The trajectory can be loaded with ASE, we can then plot the radial-distribution function of the simulation.

[11]:
traj = ase.io.read(trajectory_path, index=":")
# Skip first time-step which is just the initial configuration
traj = traj[1:]
print(f"Loaded MD trajectory of length {len(traj)}")
Loaded MD trajectory of length 1000

We compute the RDF of the O-O atoms within the trajectory, and then compute the average and plot it.
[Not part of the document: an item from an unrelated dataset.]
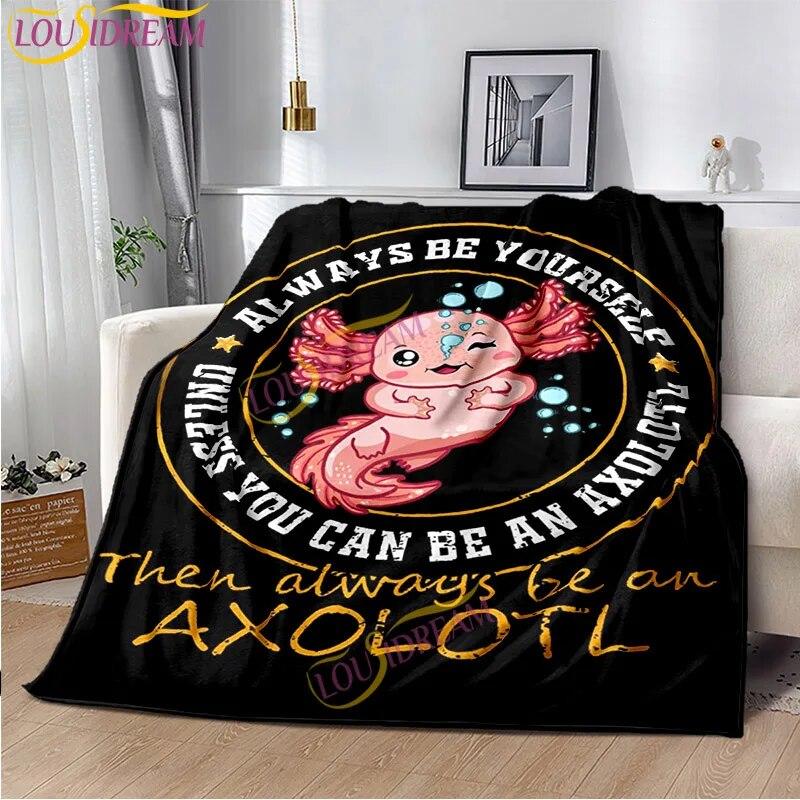 Animal de dibujos animados Ajolote suave felpa ropa de cama sala de estar sofá dormitorio cama mantas picnic impreso lindo Axolotl regalo manta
We’re using ASE’s get_rdf for the actual distance calculations. The trajectory is very short, so the RDF is very noisy, but by increasing the simulation time it’s easy to get a clean curve.

[12]:
equilibration_fs = 0.5 * 100  # deliberately short
nbins_per_angstrom = 50

# Skip the beginning of the trajectory where simulation is not at equilibrium
traj_len_fs = timestep_fs * len(traj)
# equilibration time / 100 (sampling interval)
traj_eq = traj[int(equilibration_fs / timestep_fs / 20) :]

rmax = 6.3
nbins = int(rmax * nbins_per_angstrom)

element_pair = (8, 8)  # O-O distances

# Compute the average RDF
rdf_list = []
for i, atoms in enumerate(traj_eq):
    rdf, radii = get_rdf(
        atoms,
        rmax,
        nbins,
        no_dists=False,
        elements=element_pair,
    )
    rdf_list.append(rdf)
avg_rdf = np.mean(rdf_list, axis=0)
[13]:
fig, ax = plt.subplots()
ax.plot(radii, avg_rdf, lw=3)
ax.set_xlabel("Radius (A)")
ax.set_ylabel("g(r)")
ax.set_title(f"O-O RDF of water at {temperature_K}K")
ax.set_xlim([1.5, rmax])
[13]:
(1.5, 6.3)
../_images/notebooks_molecular_dynamics_23_1.png